Recent data shows that the number of new psychoactive substances that are synthetic opioids, mostly fentanyl analogues, reported on the market has been rising at an unprecedented rate: from just 1 substance in 2009 to 15 in 2015 and 46 in 2017, while the overall number of these substances present on the market stabilized at around 500 per year over the period 2015-2017 (UNODC, 2019). New psychoactive substances, or NPS, are those "substances of abuse, either in a pure form or a preparation," that are not controlled by the 1961 or 1971 Conventions, "but which may pose a public health threat" (UNODC, 2018). The term "new" does not necessarily refer to the fact that they are new inventions - several NPS were in fact first synthesized over 40 years ago - but to substances that have recently become available on the market. Since NPS are not controlled under the international drug control conventions, their legal status can differ widely from country to country. Many countries have implemented domestic legal responses to control certain NPS, and some have adopted controls on entire groups of NPS not explicitly and individually listed in the legislation, by using a generic approach of "chemical similarity" to a substance already under control by national law.
Challenges and opportunities
Research on drug trafficking at the international level has revealed that weak law enforcement capacity and corruption are instrumental in keeping the illicit market resilient.

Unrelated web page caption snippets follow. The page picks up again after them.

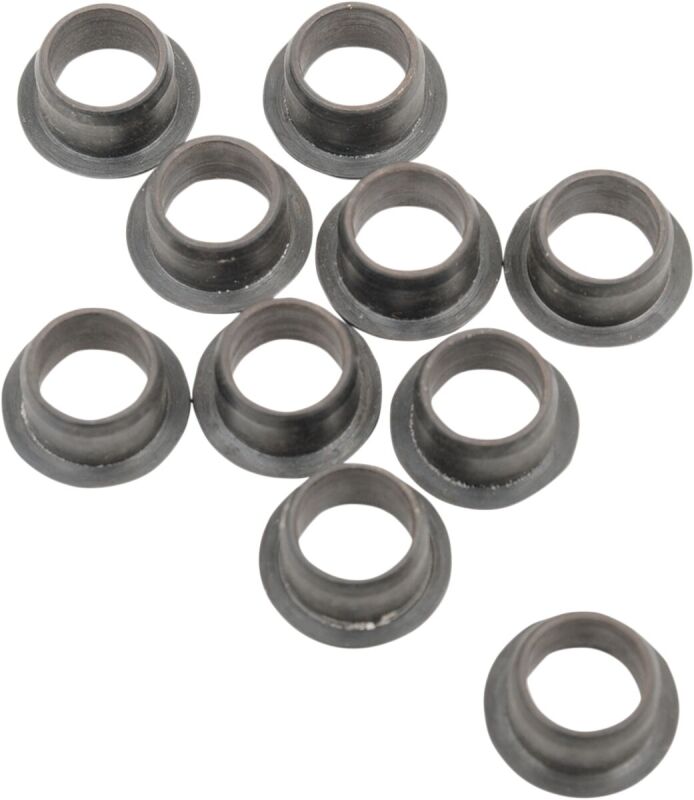 Roller Shift Fingerl79-86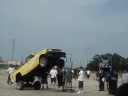 LOW RIDER SHOW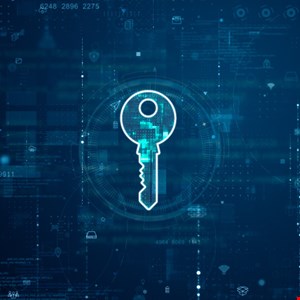 NIK C2 Malware Can Use Victims’ OpenAI Keys for AI Queries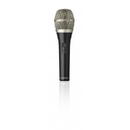 Beyerdynamic Beyerdynamic TG V50d s Black Stage/performance microphone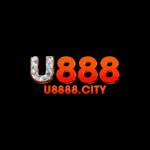 U888 8city Profile Picture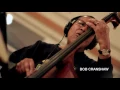 George Coleman "A Master Speaks" EPK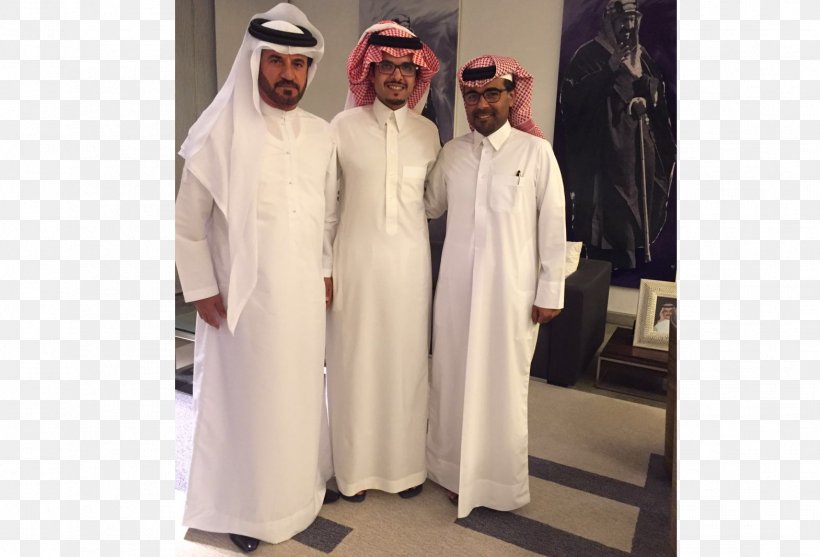 Dubai Bahrain Saudi Arabia Qatar Sheikh, PNG, 1569x1066px, Dubai, Al Maktoum, Bahrain, Costume, Dress Download Free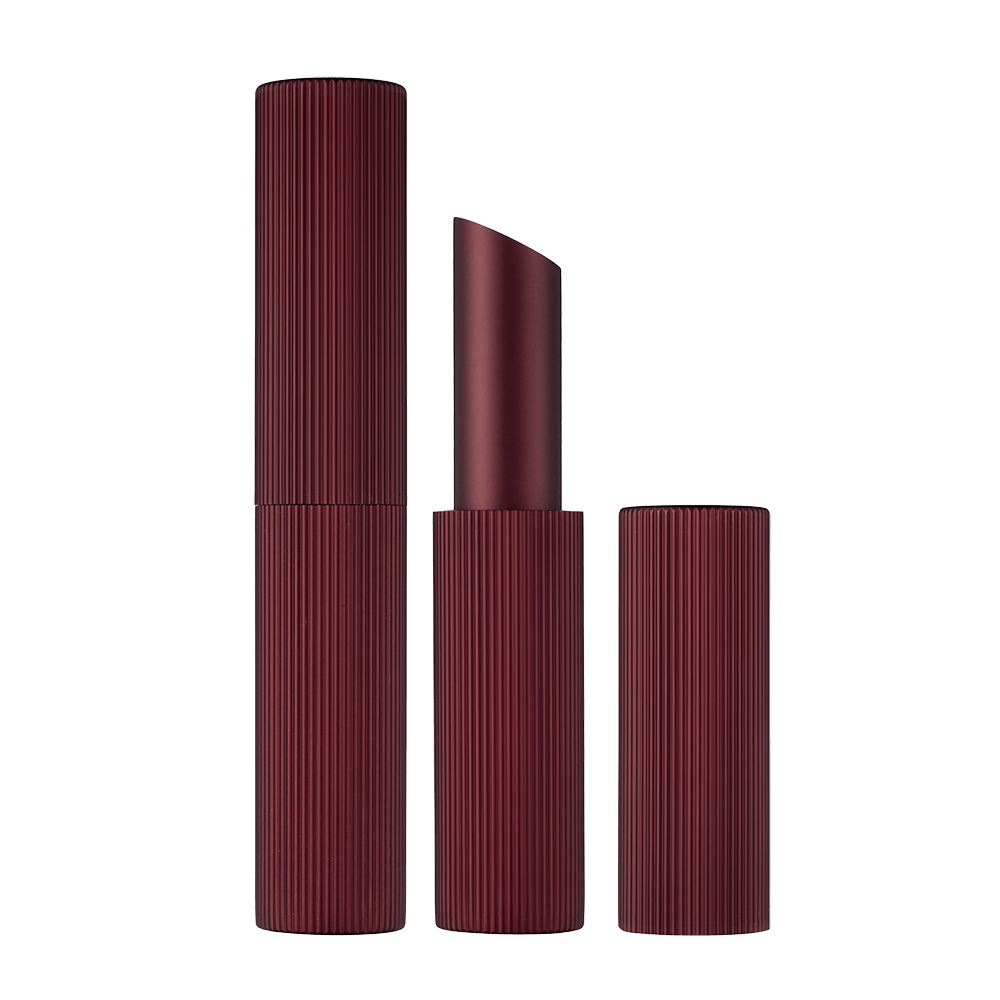 Lippenstiftetuis HL8270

Corruption has been found to exist all along the drug supply chain, from production and trafficking to distribution, and it affects a wide range of institutions: eradication teams, law enforcement agencies, the criminal justice system as well as the health sector - for instance when users can get drugs through corrupt doctors and pharmacists (UNODC, 2017).
The World Bank and the International Monetary Fund have highlighted how corruption entrenches poverty by discouraging foreign investment and increasing the level of income inequality, which in turn is known to encourage drug consumption and fuel more corruption and instability (World Bank Group, 2017). Furthermore, recent reports link a number of terrorist groups-such as the Taliban, insurgent movements and non-State armed groups to the drug trade (UNODC, 2017).
Following the money trail of the drug market has proven to be one of the most effective approaches to combating drug trafficking. Drug trafficking is driven by profits, and identifying the flows related to those profits as well as the investment and laundering channels can function as effective counteraction (GLOU40 Global, 2017; Soudijin, 2016; UNODC, 2015). Strengthening international cooperation in preventing and countering money-laundering also helps to reduce or eliminate the potential negative economic and social consequences of illicit activities.